*** RECORDED INFORMATION ***

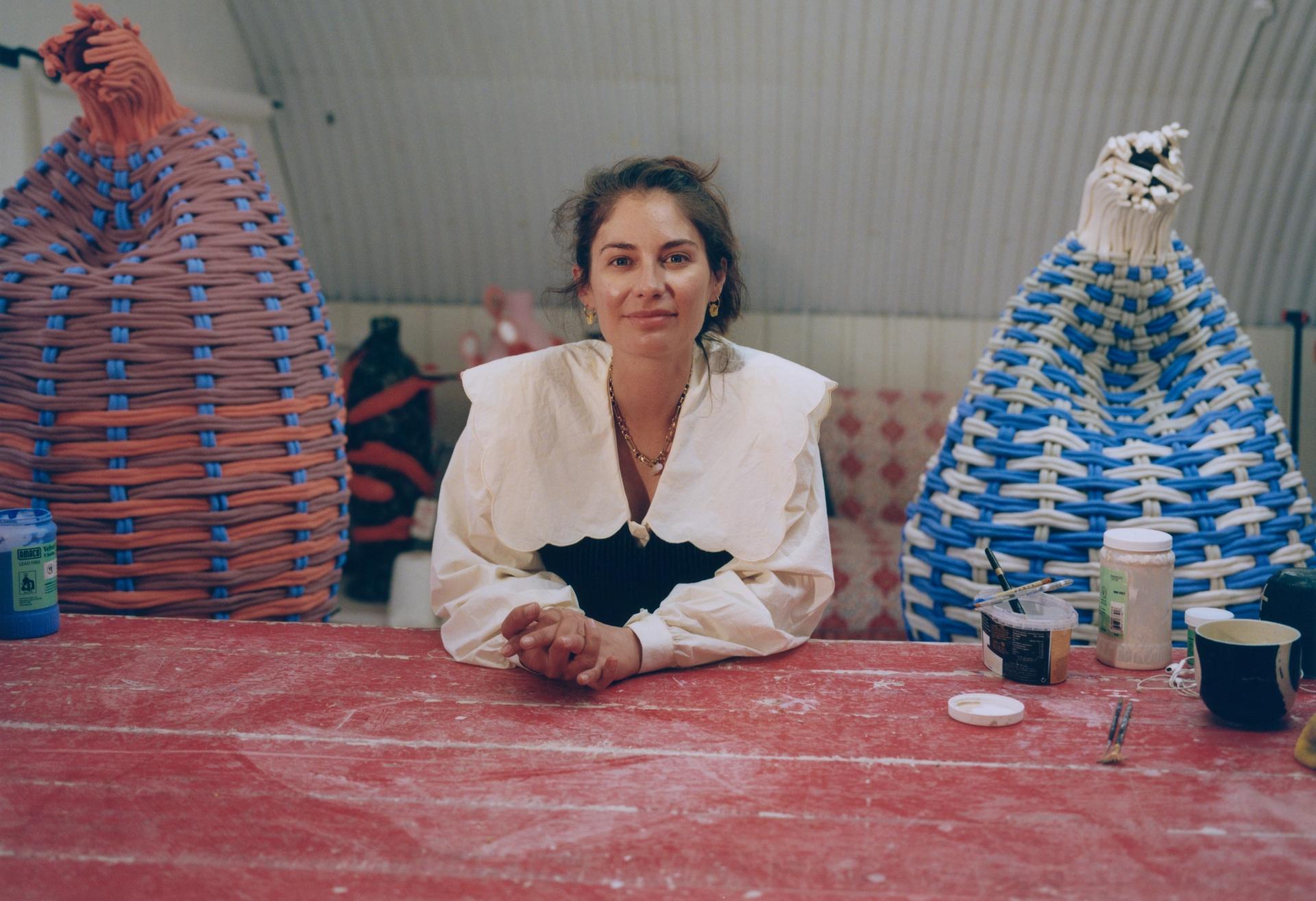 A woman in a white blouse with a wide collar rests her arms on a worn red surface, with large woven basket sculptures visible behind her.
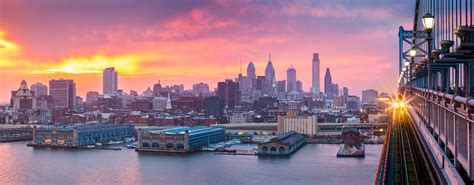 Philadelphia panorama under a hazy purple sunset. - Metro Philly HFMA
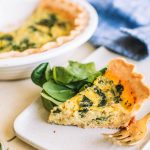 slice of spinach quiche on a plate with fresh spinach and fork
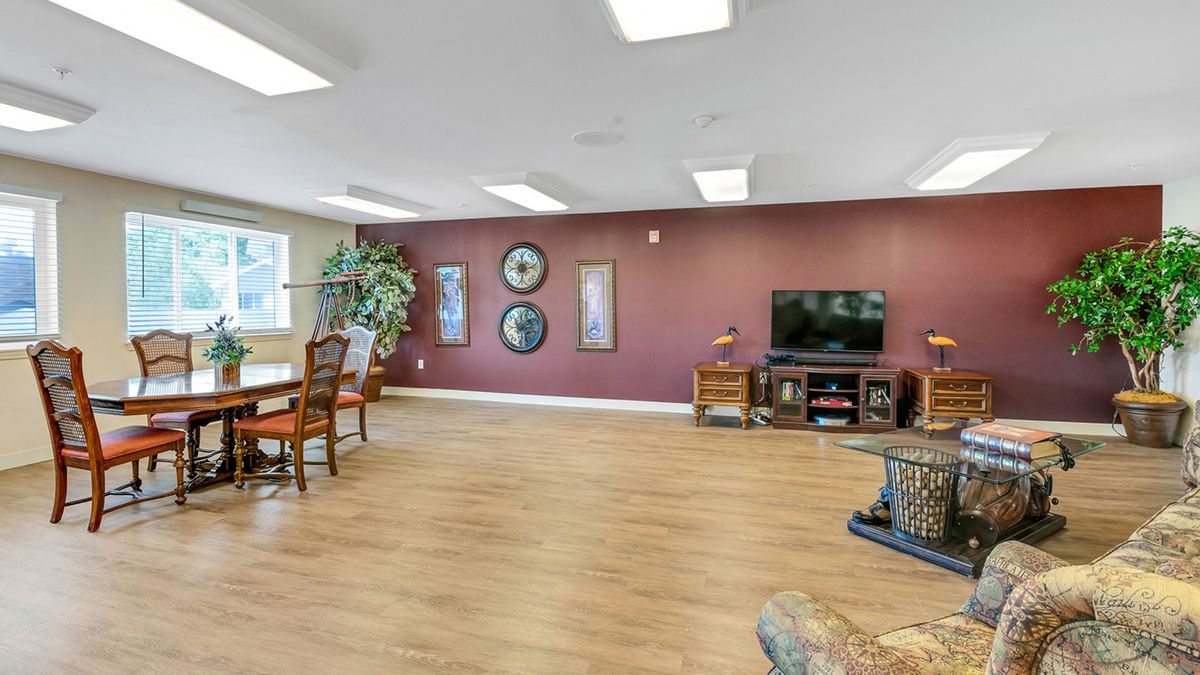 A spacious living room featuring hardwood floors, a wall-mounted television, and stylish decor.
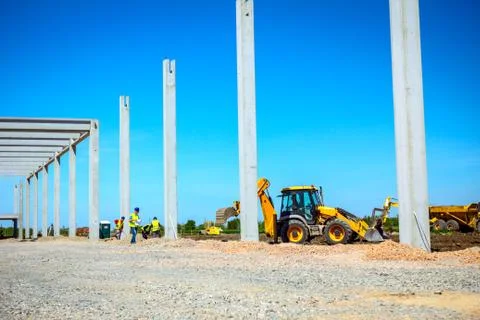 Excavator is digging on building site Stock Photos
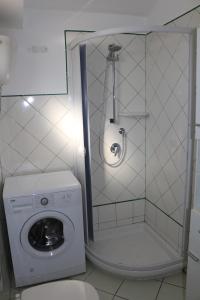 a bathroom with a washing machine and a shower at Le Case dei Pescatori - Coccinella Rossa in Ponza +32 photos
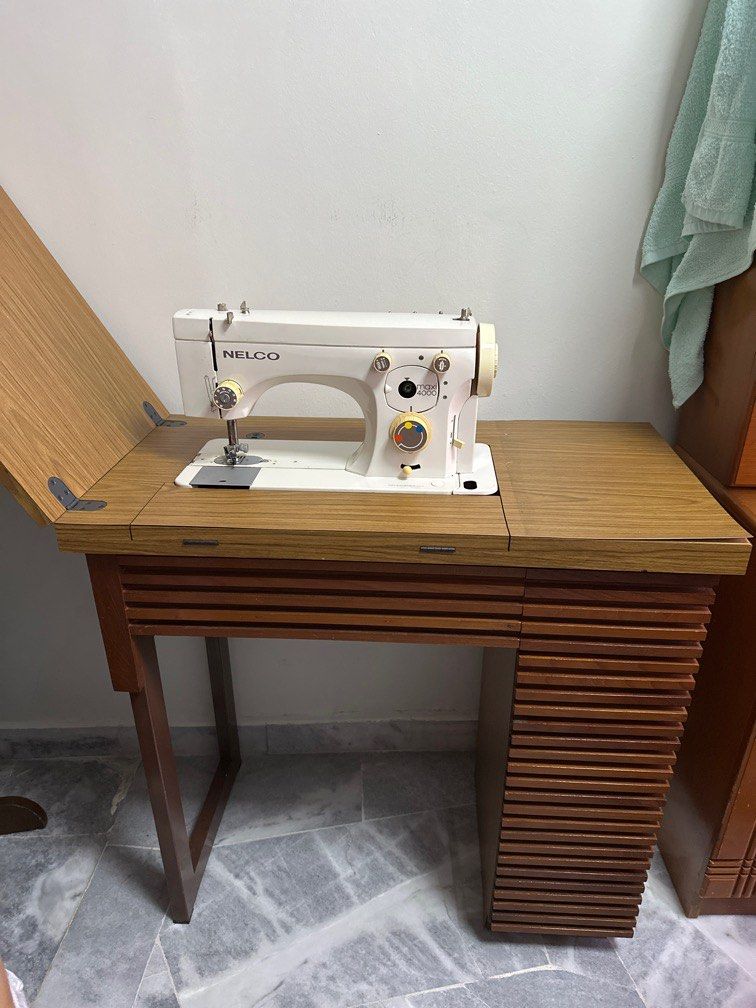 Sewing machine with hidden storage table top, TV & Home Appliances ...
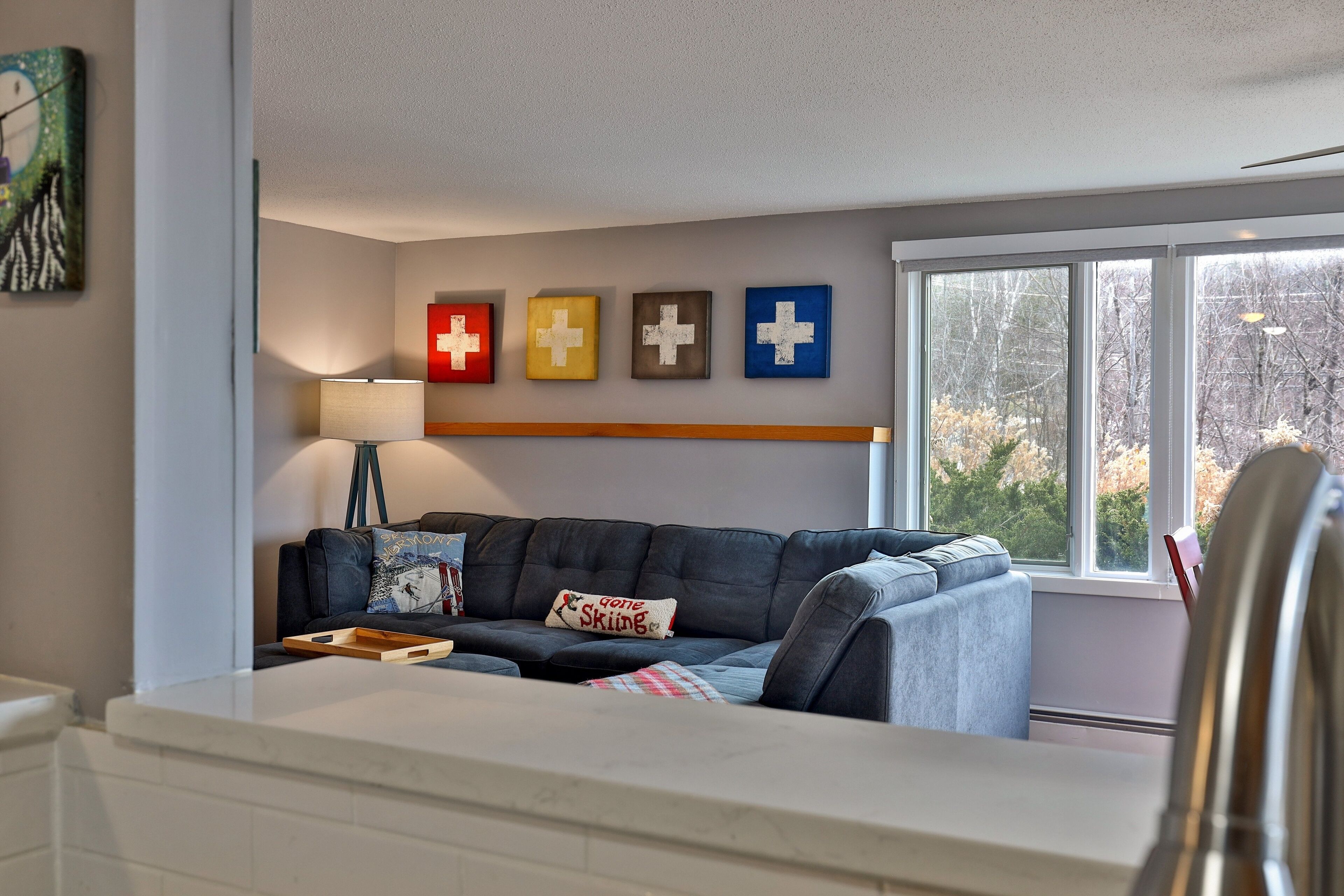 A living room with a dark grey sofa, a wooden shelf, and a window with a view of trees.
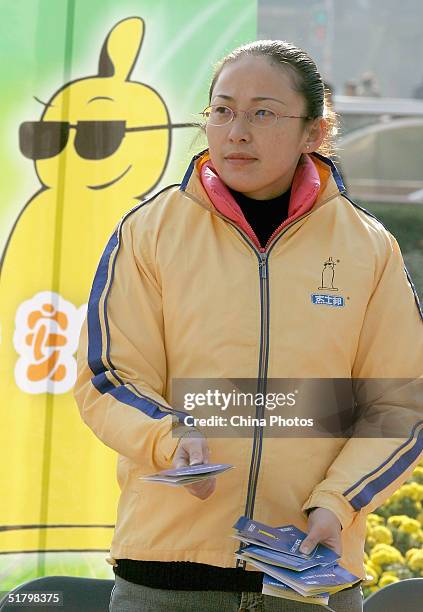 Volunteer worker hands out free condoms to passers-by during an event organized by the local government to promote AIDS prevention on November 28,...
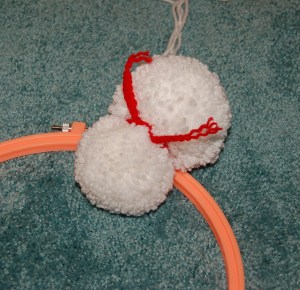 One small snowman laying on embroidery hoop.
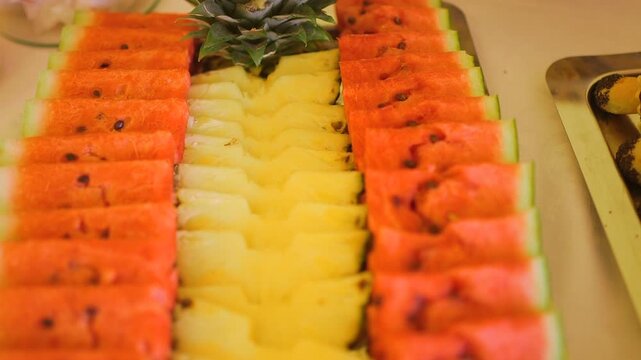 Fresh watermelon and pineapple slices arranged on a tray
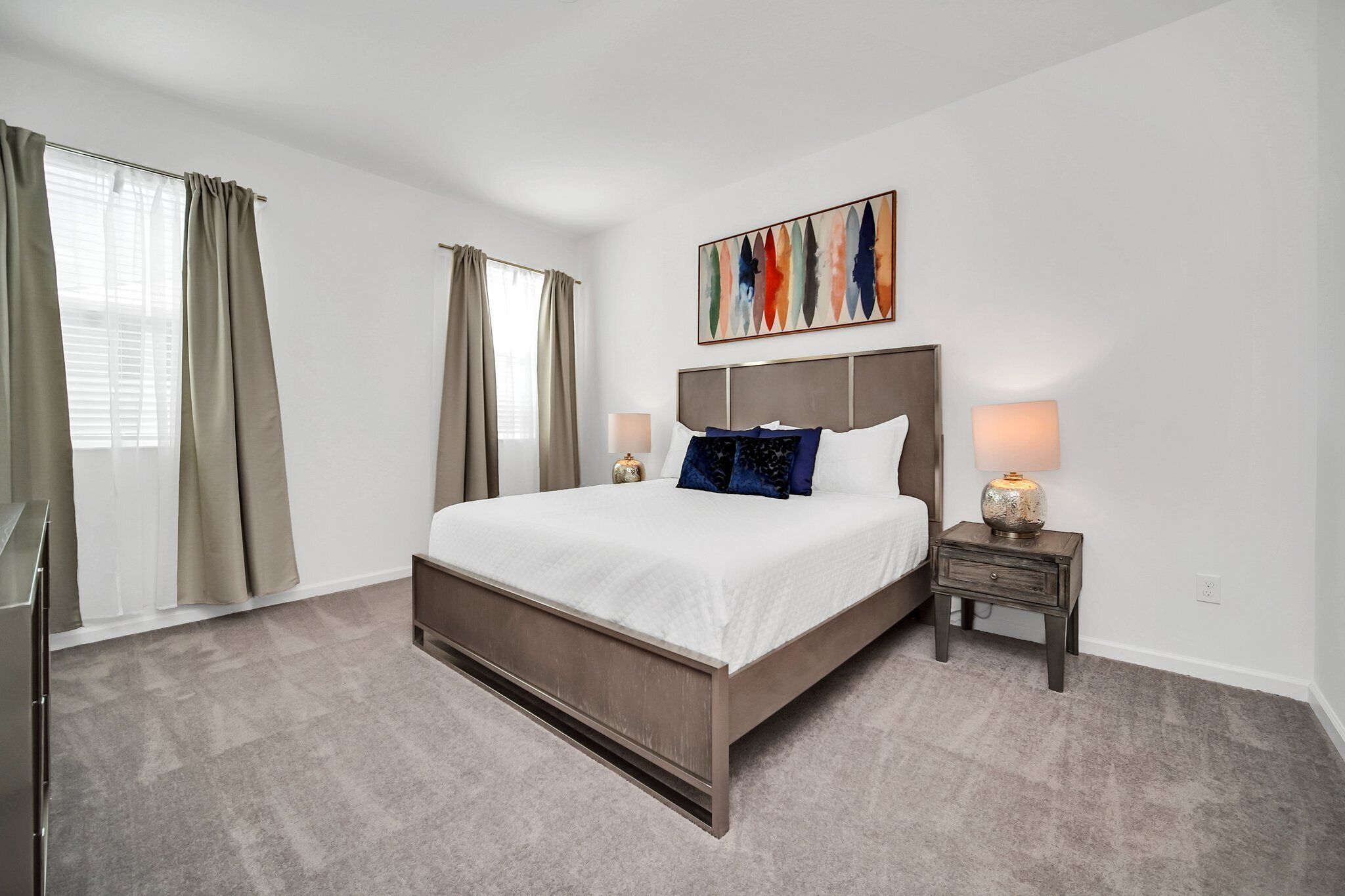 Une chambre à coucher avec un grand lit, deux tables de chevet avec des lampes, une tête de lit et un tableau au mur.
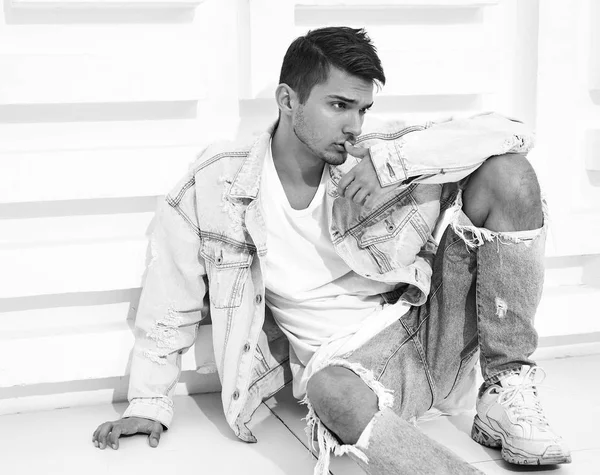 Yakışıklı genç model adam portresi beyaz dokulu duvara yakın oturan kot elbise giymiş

*** End of RECORDED INFORMATION ***

_EXERCISE PROMPT_.
Return the stretch of data that begins with the line showing "Excavator is digging" and goes on through the line showing "Volunteer worker hands", exactly, with pictures removed.

_RESPONSE BELOW_.
 Excavator is digging on building site Stock Photos
 a bathroom with a washing machine and a shower at Le Case dei Pescatori - Coccinella Rossa in Ponza +32 photos
 Sewing machine with hidden storage table top, TV & Home Appliances ...
 A living room with a dark grey sofa, a wooden shelf, and a window with a view of trees.
 Volunteer worker hands out free condoms to passers-by during an event organized by the local government to promote AIDS prevention on November 28,...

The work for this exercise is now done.